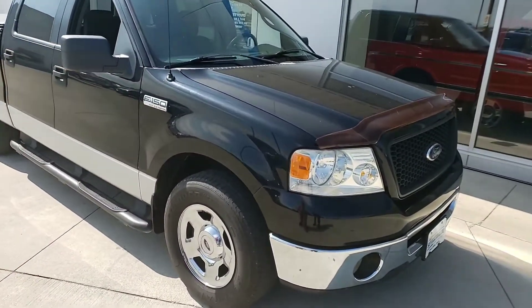Hi Joe, this is Eli Slaughter at Stikeman Chevrolet here in Palming, Ohio. Sending you a video on the '06 Ford XLT that you inquired about. Just want to walk around it with you here a little bit. Very nice, clean truck — it runs out very, very well.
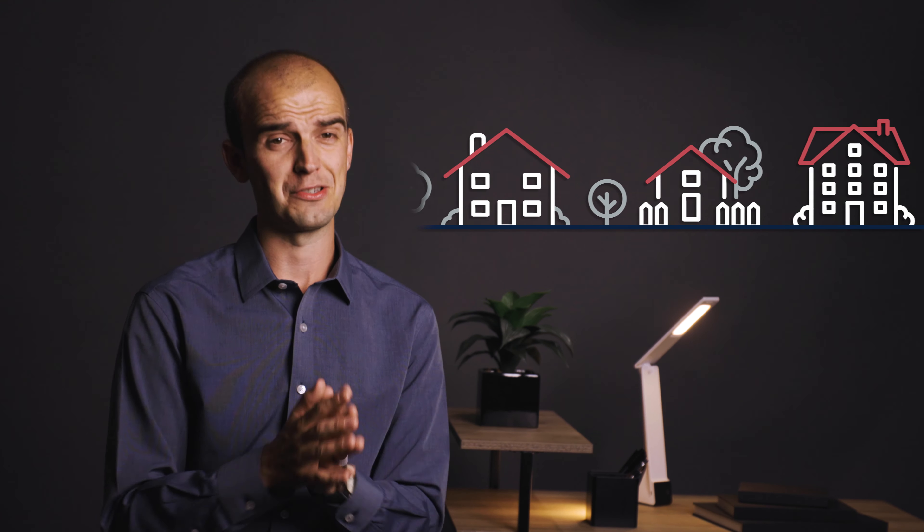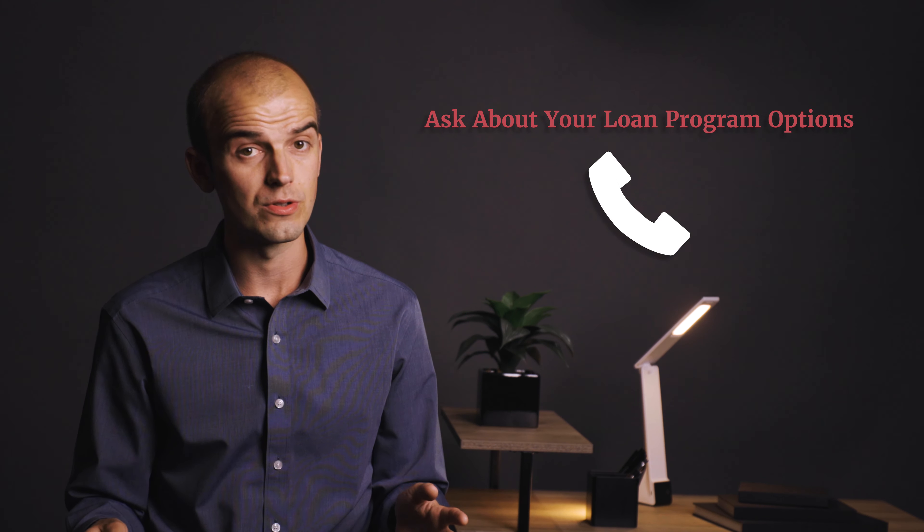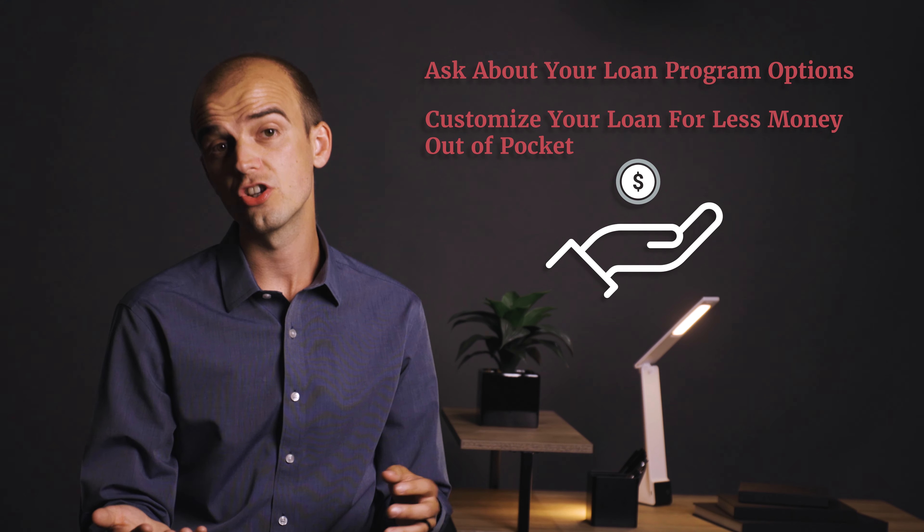First, don't wait. One way or another, the longer you wait, the more you will pay. Between house prices, interest rates, and inflation, the sooner you buy, the more wealth you build and the less your home costs you.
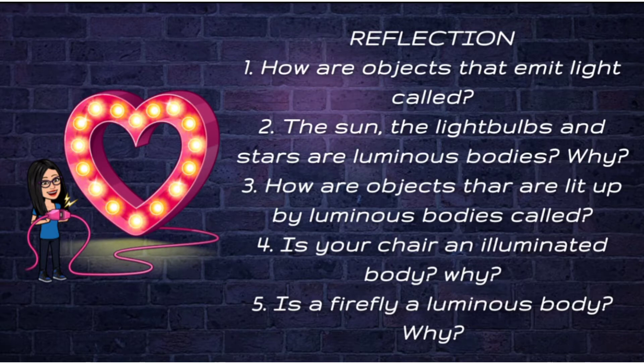How are objects that emit light called? The sun, light bulbs, and stars are luminous bodies. Why? How are objects that are lit up by luminous bodies called? Is your chair an illuminated body? Why? Is a firefly a luminous body? Why? Please reflect about this information and let's continue watching the video.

> **Task details**: Pictures are to be excluded; all other material must be transcribed exactly.

> **Written solution**:
Hi Joe, this is Eli Slaughter at Stikeman Chevrolet here in Palming, Ohio. Sending you a video on the '06 Ford XLT that you inquired about. Just want to walk around it with you here a little bit. Very nice, clean truck — it runs out very, very well.
First, don't wait. One way or another, the longer you wait, the more you will pay. Between house prices, interest rates, and inflation, the sooner you buy, the more wealth you build and the less your home costs you.
How are objects that emit light called? The sun, light bulbs, and stars are luminous bodies. Why? How are objects that are lit up by luminous bodies called? Is your chair an illuminated body? Why? Is a firefly a luminous body? Why? Please reflect about this information and let's continue watching the video.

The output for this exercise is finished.